Bahamas Old History

By | January 2, 2023

Bahamas is an independent nation in North America. With the capital city of Nassau, Bahamas 2020 population is estimated at 393,255 according to countryaah. Only a few decades after the arrival of the Europeans in the Bahamas in 1492, the indigenous population had died as a result of slavery and disease in the colonialist’s path. From the 17th century, the Bahamas was colonized by Englishmen. Piracy became a dominant business. In the 1960s, the foundation of Bahamas independence was laid.

The archipelago that today constitutes the Bahamas was probably populated from the 500’s by the Arab-speaking people of Taino who came in canoes from the islands of the Greater Antilles in the south. The people, who in the Bahamas called themselves lucaya, lived by agriculture and fishing. On October 12, 1492, according to most researchers, Christofer Columbus landed on one of the islands of the Bahamas, and for the first time set foot in the “New World”. It was probably the island of San Salvador.

  • Comprehensive guide to and popular abbreviations of Bahamas, covering history, economy, and social conditions.
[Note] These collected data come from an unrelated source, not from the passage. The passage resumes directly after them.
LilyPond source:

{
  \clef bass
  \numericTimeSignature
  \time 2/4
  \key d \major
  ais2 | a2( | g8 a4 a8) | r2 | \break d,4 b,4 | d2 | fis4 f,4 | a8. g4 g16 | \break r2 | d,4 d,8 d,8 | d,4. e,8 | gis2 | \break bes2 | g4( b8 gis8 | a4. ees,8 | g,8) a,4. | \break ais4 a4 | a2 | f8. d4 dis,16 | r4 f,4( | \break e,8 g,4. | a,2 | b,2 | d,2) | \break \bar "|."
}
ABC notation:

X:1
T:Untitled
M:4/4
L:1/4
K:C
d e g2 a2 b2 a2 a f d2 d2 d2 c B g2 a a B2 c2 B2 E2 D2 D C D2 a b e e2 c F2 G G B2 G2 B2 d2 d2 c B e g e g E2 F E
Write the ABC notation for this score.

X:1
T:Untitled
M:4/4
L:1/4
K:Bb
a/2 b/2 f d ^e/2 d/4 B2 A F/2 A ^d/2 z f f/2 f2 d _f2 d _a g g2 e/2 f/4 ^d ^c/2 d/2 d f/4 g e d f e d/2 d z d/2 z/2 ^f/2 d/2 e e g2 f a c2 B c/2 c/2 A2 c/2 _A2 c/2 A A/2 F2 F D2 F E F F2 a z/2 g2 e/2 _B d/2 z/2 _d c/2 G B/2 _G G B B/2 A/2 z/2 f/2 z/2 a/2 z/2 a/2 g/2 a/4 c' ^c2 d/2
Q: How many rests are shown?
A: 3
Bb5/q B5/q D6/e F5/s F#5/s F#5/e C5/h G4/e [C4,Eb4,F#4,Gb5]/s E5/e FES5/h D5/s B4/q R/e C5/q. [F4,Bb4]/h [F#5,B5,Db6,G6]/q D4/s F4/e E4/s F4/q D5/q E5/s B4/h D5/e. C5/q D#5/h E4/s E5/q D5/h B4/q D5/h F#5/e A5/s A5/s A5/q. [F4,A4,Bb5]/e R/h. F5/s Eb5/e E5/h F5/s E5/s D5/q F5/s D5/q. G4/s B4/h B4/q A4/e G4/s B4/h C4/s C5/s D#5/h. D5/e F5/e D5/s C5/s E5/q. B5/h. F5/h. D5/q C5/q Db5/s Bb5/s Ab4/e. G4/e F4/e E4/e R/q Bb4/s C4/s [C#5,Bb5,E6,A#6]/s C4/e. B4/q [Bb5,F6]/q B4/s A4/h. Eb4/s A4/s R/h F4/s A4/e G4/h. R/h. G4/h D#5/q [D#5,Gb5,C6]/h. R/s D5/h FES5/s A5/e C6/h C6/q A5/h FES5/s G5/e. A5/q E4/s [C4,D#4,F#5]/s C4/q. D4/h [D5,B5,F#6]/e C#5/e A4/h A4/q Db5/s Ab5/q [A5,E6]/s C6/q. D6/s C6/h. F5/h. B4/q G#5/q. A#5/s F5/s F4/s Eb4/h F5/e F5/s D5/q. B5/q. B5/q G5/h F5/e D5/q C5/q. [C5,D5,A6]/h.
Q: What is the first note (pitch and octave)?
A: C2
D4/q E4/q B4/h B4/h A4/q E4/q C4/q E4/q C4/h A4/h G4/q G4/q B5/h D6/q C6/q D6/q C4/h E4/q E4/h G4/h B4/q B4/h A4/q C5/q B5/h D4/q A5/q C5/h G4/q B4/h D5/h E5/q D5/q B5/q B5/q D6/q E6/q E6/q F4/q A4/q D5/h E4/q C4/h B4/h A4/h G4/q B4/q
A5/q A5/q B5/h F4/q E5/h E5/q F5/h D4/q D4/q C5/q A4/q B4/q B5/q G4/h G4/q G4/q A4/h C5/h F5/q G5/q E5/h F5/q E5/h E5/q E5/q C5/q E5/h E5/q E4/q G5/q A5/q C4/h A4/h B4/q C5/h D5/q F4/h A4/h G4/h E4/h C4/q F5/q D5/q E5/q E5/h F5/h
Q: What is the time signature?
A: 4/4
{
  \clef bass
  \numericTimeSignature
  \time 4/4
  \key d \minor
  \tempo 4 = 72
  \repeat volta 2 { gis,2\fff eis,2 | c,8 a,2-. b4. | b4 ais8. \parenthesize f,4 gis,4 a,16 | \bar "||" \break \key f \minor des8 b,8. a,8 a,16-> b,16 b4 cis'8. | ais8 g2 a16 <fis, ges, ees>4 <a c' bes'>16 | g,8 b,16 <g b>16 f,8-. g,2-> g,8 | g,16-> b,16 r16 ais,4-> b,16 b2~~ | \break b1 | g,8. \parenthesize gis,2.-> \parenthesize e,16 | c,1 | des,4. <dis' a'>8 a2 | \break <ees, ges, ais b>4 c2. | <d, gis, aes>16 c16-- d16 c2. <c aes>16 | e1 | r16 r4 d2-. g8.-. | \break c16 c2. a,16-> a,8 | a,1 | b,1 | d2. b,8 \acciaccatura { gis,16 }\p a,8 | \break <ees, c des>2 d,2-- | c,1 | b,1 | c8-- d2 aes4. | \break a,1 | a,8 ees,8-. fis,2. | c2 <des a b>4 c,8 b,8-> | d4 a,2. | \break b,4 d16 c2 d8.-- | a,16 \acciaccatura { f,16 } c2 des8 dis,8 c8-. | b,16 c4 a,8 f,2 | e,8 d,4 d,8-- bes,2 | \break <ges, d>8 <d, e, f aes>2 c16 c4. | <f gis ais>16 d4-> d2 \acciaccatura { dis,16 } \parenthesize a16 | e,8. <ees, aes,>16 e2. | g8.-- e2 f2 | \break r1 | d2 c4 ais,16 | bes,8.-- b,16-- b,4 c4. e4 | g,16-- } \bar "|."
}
Because the islands are barren and lack precious minerals, the Spaniards showed little interest in the indigenous people. However, the colonists needed more slaves in the gold mines on the island of Hispaniola, and Lucia was therefore forced to move there. As early as 1520, the archipelago was de-populated.

For over a century, the Bahamas was mostly a terror for seafarers with their reefs and grits. By the middle of the 17th century, the islands were re-colonized, by English Puritans from Bermuda. The economic activity was dominated by piracy and wreckage. For over a decade in the early 18th century, a “pirate republic” was maintained and pure anarchy prevailed. Thousands of pirates worked in Nassau before a British governor regained control in 1718.

After the American War of Independence in the 1780s, many royalist colonialists moved in from the United States, and many of them brought slaves with them. The population increased rapidly, and the proportion of blacks in the population increased even faster. Many of them were freed from slavery even before it was completely abolished by the British in 1834. Around 5,000 Africans were also exempted during the decades before by the British fleet from Spanish slave ships, and ended up in the Bahamas.

The smugglers’ paradise

The American Civil War 1861-1865 saw a boom as the Bahamas became a hub for the trade of the blocked southern states. After the war, half a century of economic decline followed. Only during the period 1920-1933, when alcohol was banned in the United States, did the next upswing come. The Bahamas became the spirit of the smugglers.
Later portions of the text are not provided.